Among the entries below, the lines from the one with "Robe d'été pour" up to and including the one with "Bathroom, Dual Sink" are to be restated exactly, without pictures.

*** EXTRACTED MATERIAL ***

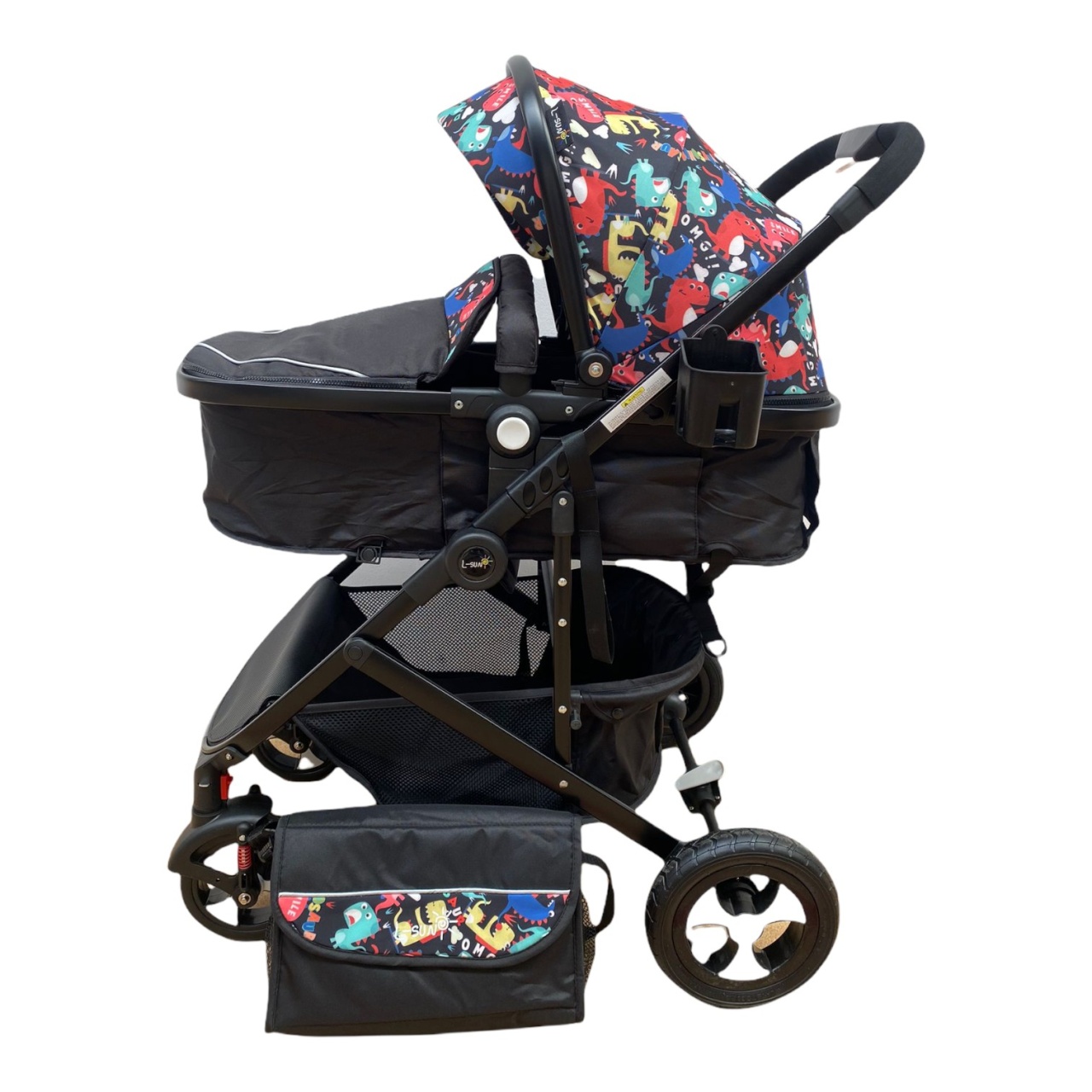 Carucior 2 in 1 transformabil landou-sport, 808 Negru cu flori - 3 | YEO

*** End of EXTRACTED MATERIAL ***
*** EXTRACTED MATERIAL ***

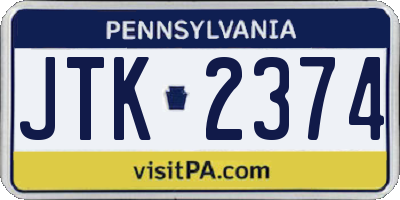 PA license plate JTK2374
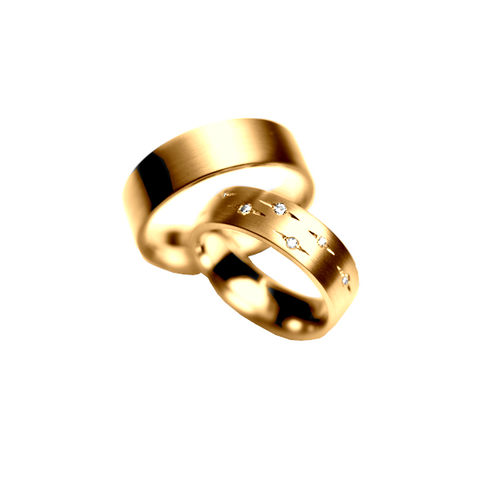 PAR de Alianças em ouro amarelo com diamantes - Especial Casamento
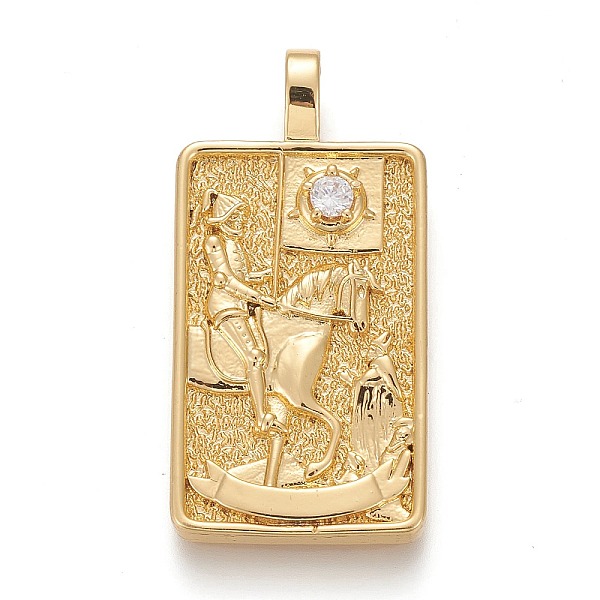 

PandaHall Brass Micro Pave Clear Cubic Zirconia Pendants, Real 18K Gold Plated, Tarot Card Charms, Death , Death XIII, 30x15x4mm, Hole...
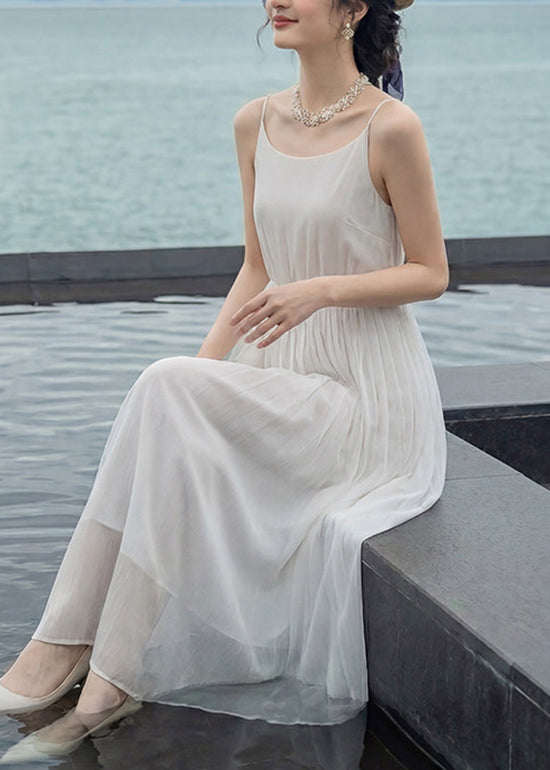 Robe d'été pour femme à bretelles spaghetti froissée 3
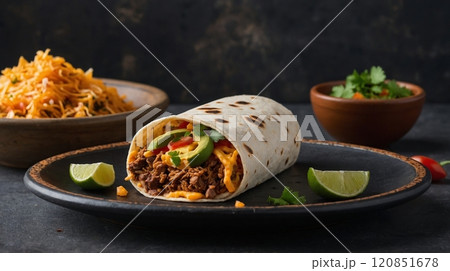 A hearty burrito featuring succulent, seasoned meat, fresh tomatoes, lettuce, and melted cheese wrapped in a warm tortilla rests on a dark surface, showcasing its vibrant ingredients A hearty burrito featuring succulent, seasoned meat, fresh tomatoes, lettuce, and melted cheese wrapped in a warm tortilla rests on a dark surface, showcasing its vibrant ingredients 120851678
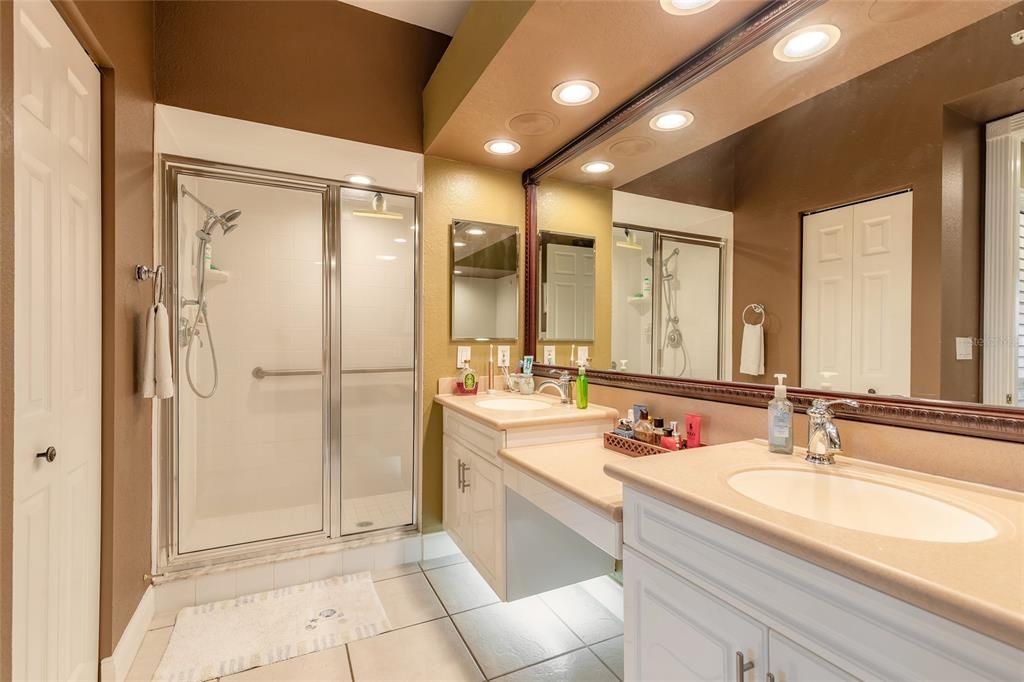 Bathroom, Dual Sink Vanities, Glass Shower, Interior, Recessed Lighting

*** End of EXTRACTED MATERIAL ***

» **EXPECTED ANSWER**
 Robe d'été pour femme à bretelles spaghetti froissée 3
 A hearty burrito featuring succulent, seasoned meat, fresh tomatoes, lettuce, and melted cheese wrapped in a warm tortilla rests on a dark surface, showcasing its vibrant ingredients A hearty burrito featuring succulent, seasoned meat, fresh tomatoes, lettuce, and melted cheese wrapped in a warm tortilla rests on a dark surface, showcasing its vibrant ingredients 120851678
 Bathroom, Dual Sink Vanities, Glass Shower, Interior, Recessed Lighting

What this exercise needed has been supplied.